** PROBLEM TO WORK ON **
Return every line from the one with "Detailed view of" through the one with "A lovely child", inclusive, exactly as it appears below.

● ● ● ● ● ● ●

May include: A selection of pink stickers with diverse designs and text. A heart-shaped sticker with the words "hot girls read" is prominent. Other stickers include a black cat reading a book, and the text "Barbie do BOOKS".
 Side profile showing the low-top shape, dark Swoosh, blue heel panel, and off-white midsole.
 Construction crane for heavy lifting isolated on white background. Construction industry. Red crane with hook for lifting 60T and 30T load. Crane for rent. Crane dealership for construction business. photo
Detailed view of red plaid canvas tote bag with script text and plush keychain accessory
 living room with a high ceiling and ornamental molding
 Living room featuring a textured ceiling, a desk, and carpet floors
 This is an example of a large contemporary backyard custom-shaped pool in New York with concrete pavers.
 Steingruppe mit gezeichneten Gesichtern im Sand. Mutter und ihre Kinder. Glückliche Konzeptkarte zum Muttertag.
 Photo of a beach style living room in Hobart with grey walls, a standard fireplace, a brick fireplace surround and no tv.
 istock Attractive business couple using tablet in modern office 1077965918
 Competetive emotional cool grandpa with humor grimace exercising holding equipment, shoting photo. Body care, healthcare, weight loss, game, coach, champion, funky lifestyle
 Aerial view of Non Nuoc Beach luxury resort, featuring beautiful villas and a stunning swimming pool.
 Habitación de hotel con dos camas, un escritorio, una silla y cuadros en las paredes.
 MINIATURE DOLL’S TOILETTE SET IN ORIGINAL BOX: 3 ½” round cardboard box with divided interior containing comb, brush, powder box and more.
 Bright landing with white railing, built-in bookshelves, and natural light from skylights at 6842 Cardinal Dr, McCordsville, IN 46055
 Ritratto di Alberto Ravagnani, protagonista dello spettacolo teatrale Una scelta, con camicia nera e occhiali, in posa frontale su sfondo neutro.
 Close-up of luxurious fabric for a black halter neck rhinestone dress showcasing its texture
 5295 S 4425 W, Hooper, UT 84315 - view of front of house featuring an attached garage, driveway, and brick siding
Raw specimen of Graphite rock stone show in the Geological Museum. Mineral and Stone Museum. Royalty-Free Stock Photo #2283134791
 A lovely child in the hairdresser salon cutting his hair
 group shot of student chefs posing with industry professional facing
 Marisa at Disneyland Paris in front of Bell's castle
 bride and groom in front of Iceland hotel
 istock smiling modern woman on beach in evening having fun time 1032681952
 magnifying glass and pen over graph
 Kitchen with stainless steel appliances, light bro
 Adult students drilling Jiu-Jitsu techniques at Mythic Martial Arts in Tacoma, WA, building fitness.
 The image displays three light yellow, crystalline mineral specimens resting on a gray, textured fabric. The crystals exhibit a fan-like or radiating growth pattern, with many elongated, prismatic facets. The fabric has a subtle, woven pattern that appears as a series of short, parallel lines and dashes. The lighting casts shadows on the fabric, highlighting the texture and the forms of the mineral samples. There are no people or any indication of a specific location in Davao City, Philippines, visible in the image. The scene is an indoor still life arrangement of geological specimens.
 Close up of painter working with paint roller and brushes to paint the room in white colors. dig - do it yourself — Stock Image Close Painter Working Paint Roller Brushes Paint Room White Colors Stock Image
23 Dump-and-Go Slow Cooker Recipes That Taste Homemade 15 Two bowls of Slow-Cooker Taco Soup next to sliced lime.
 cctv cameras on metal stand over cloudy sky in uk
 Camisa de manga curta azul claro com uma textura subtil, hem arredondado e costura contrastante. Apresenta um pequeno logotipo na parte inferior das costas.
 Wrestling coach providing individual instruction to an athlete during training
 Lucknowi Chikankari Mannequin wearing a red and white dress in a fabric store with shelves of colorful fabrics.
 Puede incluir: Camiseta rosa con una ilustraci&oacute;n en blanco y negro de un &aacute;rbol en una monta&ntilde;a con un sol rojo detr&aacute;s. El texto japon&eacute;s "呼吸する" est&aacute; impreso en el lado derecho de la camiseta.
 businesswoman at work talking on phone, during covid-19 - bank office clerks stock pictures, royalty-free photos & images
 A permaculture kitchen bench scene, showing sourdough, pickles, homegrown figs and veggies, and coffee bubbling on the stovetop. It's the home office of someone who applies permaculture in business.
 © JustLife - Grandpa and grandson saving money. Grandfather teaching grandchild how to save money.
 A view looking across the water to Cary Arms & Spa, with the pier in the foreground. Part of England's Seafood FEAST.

● ● ● ● ● ● ●

** RESULT FOR THIS EXERCISE **
Detailed view of red plaid canvas tote bag with script text and plush keychain accessory
 living room with a high ceiling and ornamental molding
 Living room featuring a textured ceiling, a desk, and carpet floors
 This is an example of a large contemporary backyard custom-shaped pool in New York with concrete pavers.
 Steingruppe mit gezeichneten Gesichtern im Sand. Mutter und ihre Kinder. Glückliche Konzeptkarte zum Muttertag.
 Photo of a beach style living room in Hobart with grey walls, a standard fireplace, a brick fireplace surround and no tv.
 istock Attractive business couple using tablet in modern office 1077965918
 Competetive emotional cool grandpa with humor grimace exercising holding equipment, shoting photo. Body care, healthcare, weight loss, game, coach, champion, funky lifestyle
 Aerial view of Non Nuoc Beach luxury resort, featuring beautiful villas and a stunning swimming pool.
 Habitación de hotel con dos camas, un escritorio, una silla y cuadros en las paredes.
 MINIATURE DOLL’S TOILETTE SET IN ORIGINAL BOX: 3 ½” round cardboard box with divided interior containing comb, brush, powder box and more.
 Bright landing with white railing, built-in bookshelves, and natural light from skylights at 6842 Cardinal Dr, McCordsville, IN 46055
 Ritratto di Alberto Ravagnani, protagonista dello spettacolo teatrale Una scelta, con camicia nera e occhiali, in posa frontale su sfondo neutro.
 Close-up of luxurious fabric for a black halter neck rhinestone dress showcasing its texture
 5295 S 4425 W, Hooper, UT 84315 - view of front of house featuring an attached garage, driveway, and brick siding
Raw specimen of Graphite rock stone show in the Geological Museum. Mineral and Stone Museum. Royalty-Free Stock Photo #2283134791
 A lovely child in the hairdresser salon cutting his hair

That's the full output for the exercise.